If the user selects another application corresponding, e.g., to a general computational device (e.g., a mini-computer or a Mobile Internet Device), the device manager 207 may retrieve the corresponding policy or rule. This may, e.g., state that displays A and B should be used as a keyboard for character entry (assuming both of these displays are touch sensitive) and that displays C and D should be used for the display output of the computational device application. The user may in this case specifically use the device in configuration (vi) of FIG. 1. In response, the display driver 205 will proceed to generate a display output covering displays C and D, and the user-input processor 209 will proceed to generate a keyboard image for displays A and B and to detect the touch signals and convert these into text data that are fed to the application processor.

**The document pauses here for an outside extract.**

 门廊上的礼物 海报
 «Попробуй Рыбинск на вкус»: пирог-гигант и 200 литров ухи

In the specific example, the device of FIG. 2 is a communication device which is capable of receiving a data stream from a remote server. Specifically, the device is a mobile phone or a Mobile Internet Device which comprises a transceiver 211 capable of receiving a data stream over an air interface of the suitable communication system, which, e.g., may be a wireless network (e.g., WiFi™) or a cellular communication system (such as, e.g., GSM or UMTS). The data stream may for example be a real-time video stream which is fed to the application processor 203. The video stream may be processed by the video application to generate a display output for presenting the video on the display arrangement 201.
FIG. 5 illustrates a simplified example of such a communication system. The device 501 of FIG. 2 communicates with the base station 503 over an air interface of the communication system. The base station 503 is coupled to a communication network 505 which is furthermore coupled to a stream server 507. In the example, the video application may communicate with the stream server 507 via the base station 503 and the communication network 505 to request that a specific video is streamed to the device 501. The transmitted video stream is then received by the transceiver 211 which feeds it to the video application.

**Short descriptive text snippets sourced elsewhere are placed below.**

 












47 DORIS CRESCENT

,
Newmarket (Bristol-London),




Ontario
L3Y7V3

In the example, the video application thus generates a display output from the received video data stream. The display output is then fed to the display driver 205.
In the example, the display manager 207 is arranged to set the display characteristic in response to a characteristic of the received data stream. Specifically, the display characteristic may be set in response to a video quality characteristic for the received video data stream.
For example, different video streams may have different characteristics. For example, some video streams provided by the stream server 507 may be at one resolution, whereas other video streams may be at other resolutions. In this case, the display manager 207 may set the display area that is used for presenting the video sequence depending on the resolution of the received video stream. For example, for a very low resolution it will not be advantageous to use the entire display area of the completely unfolded display configuration as this will merely show the low quality of the received video stream. Therefore, the display manager 207 may set the display area used for presenting the video stream such that a suitable user experience is provided. Specifically, the display manager 207 may set a maximum display area as a function of the resolution of the received video stream.
As another example, the data rate of the received video stream may be used to set the display area. For example, at low data rates, a high degree of compression will typically be used resulting in a relatively low video quality. Accordingly, a smaller display area may be used by the display manager 207 in order to provide a reasonable perceived video quality albeit for a smaller image.
The characteristic of the received video stream is not necessarily a characteristic that has been set by the stream server 507 but may alternatively or additionally be a characteristic which depends on the actual communication of the video stream. For example, it may depend on a characteristic of the air interface communication, such as a bit error rate.
The device 501 may thus automatically adapt the use of the configurable display arrangement 201 such that it matches the specific conditions experienced. As a specific example, a user may like to watch a live broadcast of a soccer game when waiting in an airport. However, the live broadcast may not be available via the user's usual video service but may possibly be available via a dedicated video service provided at the airport. However, the video of this service may be presented in a lower resolution than used by the user's normal video service. In this situation, the display manager 207 may automatically adapt the displayed video sequence to the specific characteristics.
In some embodiments, the device 501 may be capable of communicating with the stream server 507 in order to control a characteristic of the transmitted data stream (and specifically of the video stream). In particular, depending on the currently used display configuration, the device 501 may transmit a request to the stream server 507 requesting that a characteristic of the generated data stream be adapted to the specific configuration.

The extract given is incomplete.